# Exploratory Data Analysis

Purpose: The objective here, is to perform EDA, and data visualization tasks on “Student Habits vs Academic Performance: A Simulated Study” datasets!

####   Femi Jupyter Notebook EDA
###### GitHub: [My GitHub Profile](https://github.com/Airfirm)
####   Author: Oluwafemi Salawu
####   Repository: datafun-06-eda
####   Date: 06/07/2025

Section 1. Imports and Read Dataset

In [None]:
# Check if file is available in the current directory
import os

# Core Data Science Imports
import numpy as np  # Numerical computing (v1.24+ recommended)
import pandas as pd  # Data manipulation (v2.0+ recommended)
import pyarrow as pa  # Arrow memory format (v12.0+ recommended)

# Visualization Imports
import matplotlib as mpl  # Base matplotlib
import matplotlib.pyplot as plt  # Plotting interface
import seaborn as sns  # Statistical visualization (v0.12+ recommended)

# Configure global settings
plt.style.use('seaborn-v0_8')  # Modern style
pd.set_option('display.max_columns', 30)  # Show more columns
pd.set_option('display.float_format', '{:.2f}'.format)  # Clean number display

# Print versions
print(f"numpy: {np.__version__}")
print(f"pandas: {pd.__version__}")
print(f"pyarrow: {pa.__version__}")
print(f"matplotlib: {mpl.__version__}")
print(f"seaborn: {sns.__version__}")

# Verify imports worked
assert not pd.isnull(np.pi)  # Quick sanity check
print("\nAll imports successful! ✅")

Checking if file path exist

In [None]:
print(os.path.exists('eda_datasets/student_habits_vs_academic_performance.csv'))

Read CSV File

In [None]:
url = 'eda_datasets/student_habits_vs_academic_performance.csv'
df = pd.read_csv(url)

# Display the first few rows
df.columns = df.columns.str.replace(' ', '_')  # Clean column names
print("\nDataFrame loaded successfully:")

Section 2. Display first and last 5 rows

In [None]:
# Display the first ten rows
df

Section 3. Initial Descriptive Statistics

In [None]:
df.describe()  # Summary statistics for all columns

Check parental educational level statistics

In [None]:
# checking parental_education_level field
df['parental_education_level'].describe()

Section 4. Dataset Summary

In [None]:
df.info()  # DataFrame summary

Check for missing / null values

In [None]:
# checking for missing values
df.isnull().sum()

Filling missing / null values with most common value in the column

In [None]:
# The parental_education_level column, has 91 missing values, we can fill these with the mode (most common value)
df['parental_education_level'] = df['parental_education_level'].fillna(df['parental_education_level'].mode()[0])

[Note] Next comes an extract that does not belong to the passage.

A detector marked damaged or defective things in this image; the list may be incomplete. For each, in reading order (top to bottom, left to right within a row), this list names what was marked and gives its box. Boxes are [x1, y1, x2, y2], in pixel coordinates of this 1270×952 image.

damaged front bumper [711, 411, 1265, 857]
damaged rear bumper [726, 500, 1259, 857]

Check missing / null values are filled

In [None]:
# checking for missing values after filling
df.isnull().sum()

Skill: Inspect Numeric Columns
Common exploration techniques for numeric columns include:

df.describe(): Summarizes statistics like mean, median, and standard deviation.
df['column_name'].hist(): Visualizes the distribution of values with a histogram.
df.corr(): Computes the correlation between numeric columns, which helps identify relationships between variables.
df.hist(): Creates histograms for all numeric columns in the DataFrame, helping you see the distributions at a glance.


Skill: Inspect Categorical Columns
Common techniques include:

df['categorical_column'].value_counts(): Counts the occurrences of each unique value in a categorical column, providing a frequency distribution.
df['categorical_column'].unique(): Displays the unique categories present in the column, helping you understand the distinct values.
pd.crosstab(df['column1'], df['column2']): Cross-tabulates two categorical columns to observe relationships between them. This is useful for understanding how one category is distributed across another.

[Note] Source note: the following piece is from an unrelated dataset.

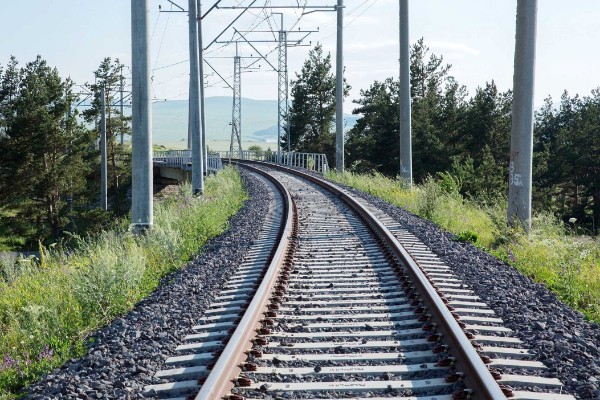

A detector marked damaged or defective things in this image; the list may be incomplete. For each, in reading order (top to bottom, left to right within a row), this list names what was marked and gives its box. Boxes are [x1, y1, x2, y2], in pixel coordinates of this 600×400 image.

Advanced Skill: Prepare Categorical Data for Machine Learning
In machine learning, models require numeric input, and we can’t feed them raw text like "red", "blue", or "green".

That means we often need to convert categorical data into numeric format before training a model.
There are different ways to do this, depending on the model and data — from simple mappings (like 0, 1, 2) to more advanced techniques.

Advanced (optional): For professional projects, look up one-hot encoding, a common method where each category is turned into a separate column with 1s and 0s.